Thanks Moira and Plucky. It helps not to be alone on this one.
What happened today is that I got an email from these people - I was supposed to be babysitting for them tomorrow, and the email cancelled, and said they have made other plans. I rang and asked if everything is ok - as you do - and was told well no, we think you told ss on us.
I told them, no it was not me. (This is true.) Then I got a lot of do you realise how difficult this past week has been for us (the adults involved), and how they are going to talk to a x year old child about their parents, and ask what kind of parents we are. They said we are going through hell, and that we have done nothing wrong, and that a pack of lies have been told about us. To which I said, no lies have been told (I have heard the accusations from them and from my parents.). So then they said that they wanted to say things, and tell me what they really think about me, but that they would only regret it (they can't say anything about me that I have not already thought for myself, so that would not hurt at all) and then they went, and put down the phone.
However, I then rang my parents, and told them what I have been accused of (reporting them directly myself to ss) and that this is not true. They tried to say that these people won't think that way, and were surprised that I said I have been accused directly, and denied it directly, and not been believed. And so far my parents believe me. I said, first of all if I have something to say I say it. And second of all, I don't go behind people's backs. I said to both my mum and dad, if I have a problem with anyone, they will know it, and they both agreed.

The person who actually made this report is a professional, who heard things (not from me) that as a professional she felt obliged to report. She told me this is not my responsibility, and that the report is the right thing to do. I am hanging onto that.
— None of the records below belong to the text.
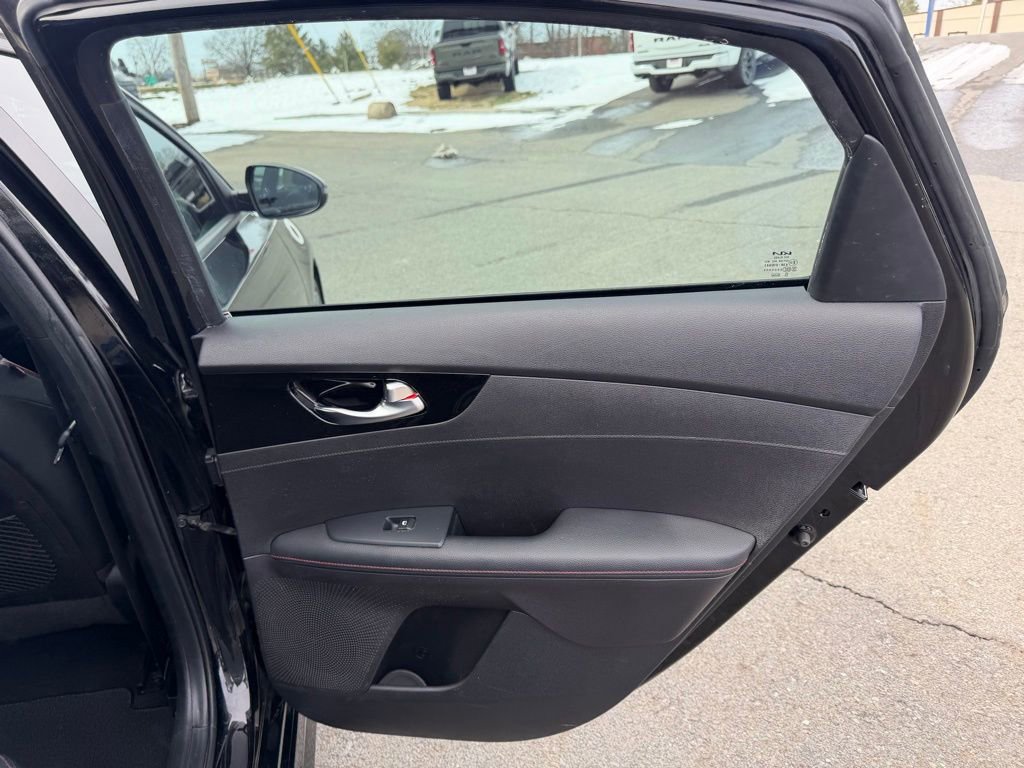 Used 2021 Kia Forte GT image 34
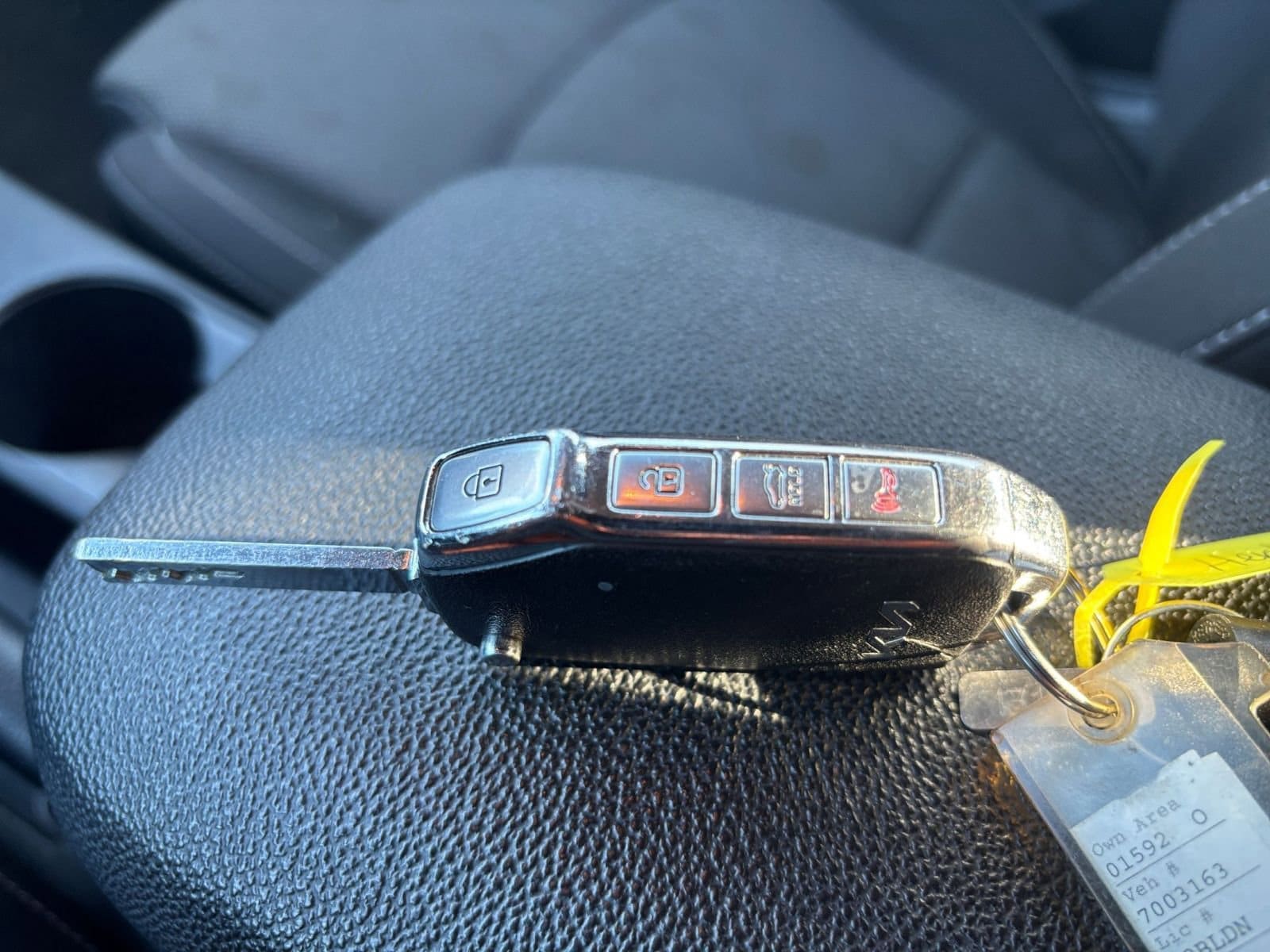 Thumbnail: 2024 Kia Forte - 21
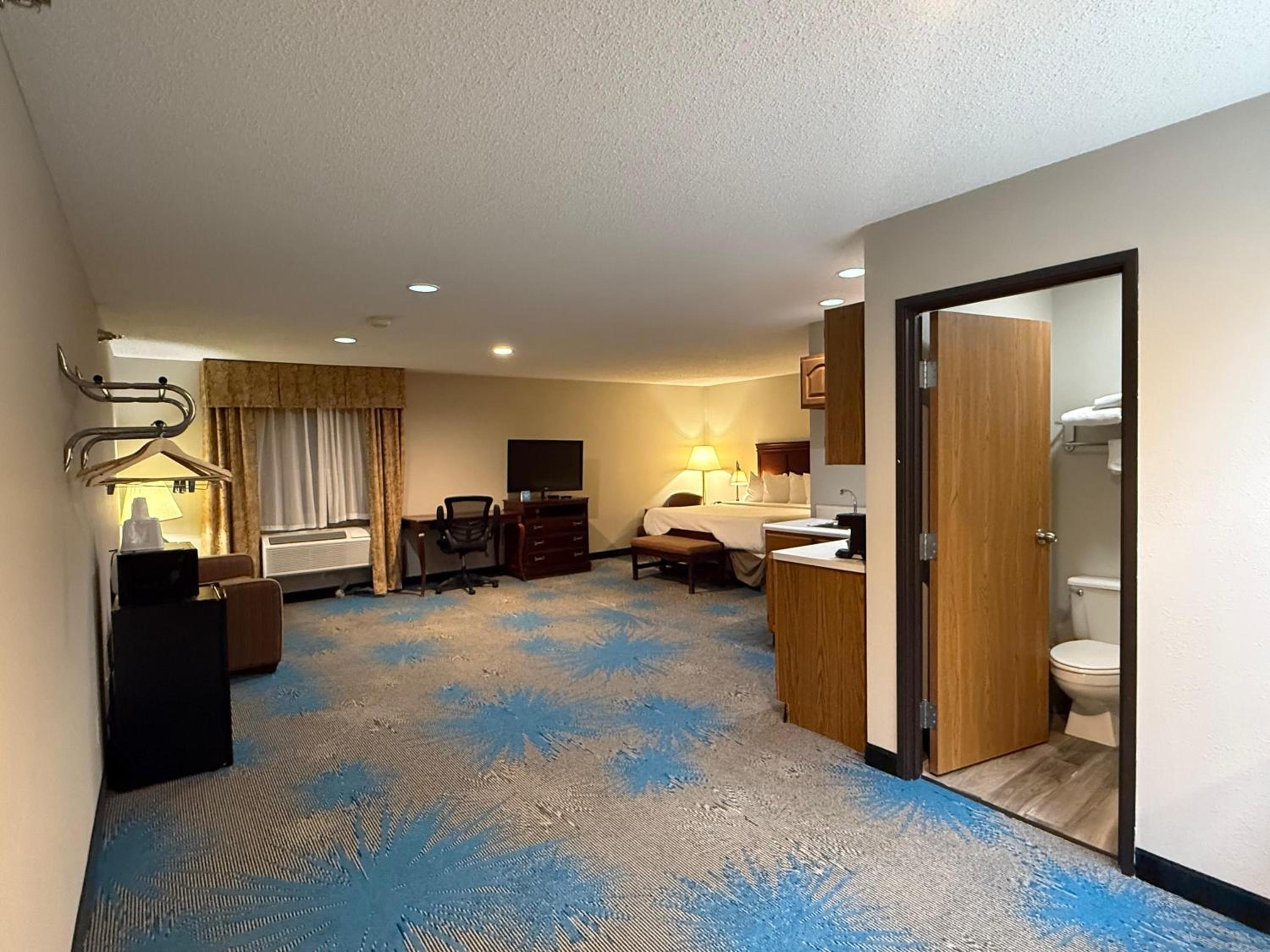 King Suite with Jetted Tub - Non-Smoking - Photo 3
I am also not letting any of these people play the scapegoat game, and thereby deflect attention onto who is the evil person telling tales, rather than the actual issues, which are those of preventing further harm to innocent children, and stopping that buck well and truly in its tracks.
I am not sure if I am strong enough for all this. However, we will find out.

I thought I loved these people, and that they are as innocent as the children, because they did not realise what they were doing. Now I am not so sure. The longer this denial continues, the more it is starting to stink to high heaven.